▶ Your instructions
The listing below holds a line with "We know x to" and a later line with "Hello and welcome". Write out those two lines and every line between them, exactly, and nothing else.

▶ Data shown
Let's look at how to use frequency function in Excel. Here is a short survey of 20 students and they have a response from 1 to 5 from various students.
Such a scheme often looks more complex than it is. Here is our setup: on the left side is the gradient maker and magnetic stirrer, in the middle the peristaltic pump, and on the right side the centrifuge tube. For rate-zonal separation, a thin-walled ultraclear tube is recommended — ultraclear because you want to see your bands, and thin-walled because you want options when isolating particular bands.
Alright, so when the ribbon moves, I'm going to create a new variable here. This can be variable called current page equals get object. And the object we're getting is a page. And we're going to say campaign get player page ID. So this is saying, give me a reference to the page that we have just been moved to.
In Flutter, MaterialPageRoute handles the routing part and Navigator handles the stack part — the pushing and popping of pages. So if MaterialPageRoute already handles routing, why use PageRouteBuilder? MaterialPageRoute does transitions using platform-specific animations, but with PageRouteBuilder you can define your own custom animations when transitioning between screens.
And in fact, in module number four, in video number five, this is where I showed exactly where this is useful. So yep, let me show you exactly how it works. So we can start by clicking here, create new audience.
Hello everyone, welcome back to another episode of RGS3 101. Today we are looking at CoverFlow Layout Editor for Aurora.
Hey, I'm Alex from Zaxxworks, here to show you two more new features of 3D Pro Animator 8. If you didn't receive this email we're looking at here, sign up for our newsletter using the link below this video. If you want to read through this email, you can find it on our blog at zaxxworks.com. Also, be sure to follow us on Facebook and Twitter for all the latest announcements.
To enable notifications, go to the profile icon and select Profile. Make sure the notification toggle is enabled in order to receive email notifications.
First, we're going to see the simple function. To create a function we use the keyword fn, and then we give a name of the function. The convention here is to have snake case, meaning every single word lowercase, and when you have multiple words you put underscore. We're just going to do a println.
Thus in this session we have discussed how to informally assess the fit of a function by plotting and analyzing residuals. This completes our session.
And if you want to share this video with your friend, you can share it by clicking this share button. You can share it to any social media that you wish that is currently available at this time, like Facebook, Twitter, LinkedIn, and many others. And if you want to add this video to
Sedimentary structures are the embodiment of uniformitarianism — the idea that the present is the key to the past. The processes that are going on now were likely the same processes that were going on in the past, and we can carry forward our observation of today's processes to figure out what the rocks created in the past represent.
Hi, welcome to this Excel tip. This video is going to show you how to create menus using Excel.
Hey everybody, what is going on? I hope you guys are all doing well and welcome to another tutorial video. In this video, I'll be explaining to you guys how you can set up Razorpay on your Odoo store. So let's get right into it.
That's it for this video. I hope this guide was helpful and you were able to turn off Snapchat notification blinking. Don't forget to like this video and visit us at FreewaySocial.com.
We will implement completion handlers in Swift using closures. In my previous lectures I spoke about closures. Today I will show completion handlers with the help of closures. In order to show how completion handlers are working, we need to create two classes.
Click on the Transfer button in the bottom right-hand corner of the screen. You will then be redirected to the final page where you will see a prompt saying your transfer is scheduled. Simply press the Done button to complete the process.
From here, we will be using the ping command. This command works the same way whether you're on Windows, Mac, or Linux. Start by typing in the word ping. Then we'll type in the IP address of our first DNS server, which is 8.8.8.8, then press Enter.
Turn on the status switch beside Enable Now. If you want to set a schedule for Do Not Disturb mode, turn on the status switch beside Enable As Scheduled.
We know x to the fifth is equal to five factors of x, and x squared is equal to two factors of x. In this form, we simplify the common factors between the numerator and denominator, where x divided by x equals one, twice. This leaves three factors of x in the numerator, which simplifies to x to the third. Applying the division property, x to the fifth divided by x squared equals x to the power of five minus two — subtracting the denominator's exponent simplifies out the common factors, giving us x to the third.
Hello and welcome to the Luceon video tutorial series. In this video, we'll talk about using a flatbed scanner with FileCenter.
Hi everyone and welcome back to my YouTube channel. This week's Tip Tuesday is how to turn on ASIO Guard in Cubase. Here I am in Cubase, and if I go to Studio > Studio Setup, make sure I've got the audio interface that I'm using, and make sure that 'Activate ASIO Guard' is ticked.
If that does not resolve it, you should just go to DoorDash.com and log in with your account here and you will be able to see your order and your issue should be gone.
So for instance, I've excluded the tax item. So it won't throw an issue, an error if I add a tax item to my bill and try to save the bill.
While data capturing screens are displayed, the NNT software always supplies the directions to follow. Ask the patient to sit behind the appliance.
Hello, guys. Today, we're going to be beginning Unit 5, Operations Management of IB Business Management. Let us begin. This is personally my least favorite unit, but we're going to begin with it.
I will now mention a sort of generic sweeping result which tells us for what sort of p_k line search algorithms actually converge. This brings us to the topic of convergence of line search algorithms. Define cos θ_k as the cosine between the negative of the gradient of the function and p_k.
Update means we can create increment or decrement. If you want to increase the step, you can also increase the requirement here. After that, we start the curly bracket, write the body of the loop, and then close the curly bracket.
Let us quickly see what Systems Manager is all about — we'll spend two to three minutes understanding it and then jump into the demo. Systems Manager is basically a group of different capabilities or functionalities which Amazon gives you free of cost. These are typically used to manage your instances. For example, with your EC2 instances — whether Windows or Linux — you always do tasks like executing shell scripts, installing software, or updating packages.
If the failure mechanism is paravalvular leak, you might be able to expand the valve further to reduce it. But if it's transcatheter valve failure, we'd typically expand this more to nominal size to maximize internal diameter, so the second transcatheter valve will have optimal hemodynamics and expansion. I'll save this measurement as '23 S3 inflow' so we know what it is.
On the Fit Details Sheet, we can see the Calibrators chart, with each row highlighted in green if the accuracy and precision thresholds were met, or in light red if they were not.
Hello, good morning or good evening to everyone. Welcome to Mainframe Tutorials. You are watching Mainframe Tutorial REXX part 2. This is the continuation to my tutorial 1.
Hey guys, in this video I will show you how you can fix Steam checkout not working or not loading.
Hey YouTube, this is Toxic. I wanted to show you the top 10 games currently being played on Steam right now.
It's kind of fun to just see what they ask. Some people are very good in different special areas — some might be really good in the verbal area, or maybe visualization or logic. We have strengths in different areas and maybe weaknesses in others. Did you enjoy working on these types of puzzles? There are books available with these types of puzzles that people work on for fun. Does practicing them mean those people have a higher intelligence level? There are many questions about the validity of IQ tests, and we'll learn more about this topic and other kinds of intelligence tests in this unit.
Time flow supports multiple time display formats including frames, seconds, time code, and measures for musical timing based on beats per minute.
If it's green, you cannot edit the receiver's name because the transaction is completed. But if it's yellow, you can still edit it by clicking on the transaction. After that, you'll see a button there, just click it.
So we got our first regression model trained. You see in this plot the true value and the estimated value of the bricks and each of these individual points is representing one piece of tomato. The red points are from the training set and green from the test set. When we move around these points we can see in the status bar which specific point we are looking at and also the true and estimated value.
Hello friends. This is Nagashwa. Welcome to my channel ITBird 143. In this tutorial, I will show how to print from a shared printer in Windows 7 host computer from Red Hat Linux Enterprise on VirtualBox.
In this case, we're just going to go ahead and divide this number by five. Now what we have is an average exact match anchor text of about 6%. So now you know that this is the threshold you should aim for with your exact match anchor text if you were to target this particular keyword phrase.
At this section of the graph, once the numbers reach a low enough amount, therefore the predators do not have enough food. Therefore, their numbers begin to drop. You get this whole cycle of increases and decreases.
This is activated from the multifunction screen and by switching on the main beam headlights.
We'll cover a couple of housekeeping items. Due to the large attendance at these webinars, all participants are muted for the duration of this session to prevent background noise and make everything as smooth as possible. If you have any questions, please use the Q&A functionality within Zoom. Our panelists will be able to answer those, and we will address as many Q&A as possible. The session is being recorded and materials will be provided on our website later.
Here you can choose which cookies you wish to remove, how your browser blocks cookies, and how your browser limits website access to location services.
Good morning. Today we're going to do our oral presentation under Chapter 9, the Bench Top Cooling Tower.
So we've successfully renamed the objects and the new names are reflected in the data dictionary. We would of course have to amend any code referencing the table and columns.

▶ Result
We know x to the fifth is equal to five factors of x, and x squared is equal to two factors of x. In this form, we simplify the common factors between the numerator and denominator, where x divided by x equals one, twice. This leaves three factors of x in the numerator, which simplifies to x to the third. Applying the division property, x to the fifth divided by x squared equals x to the power of five minus two — subtracting the denominator's exponent simplifies out the common factors, giving us x to the third.
Hello and welcome to the Luceon video tutorial series. In this video, we'll talk about using a flatbed scanner with FileCenter.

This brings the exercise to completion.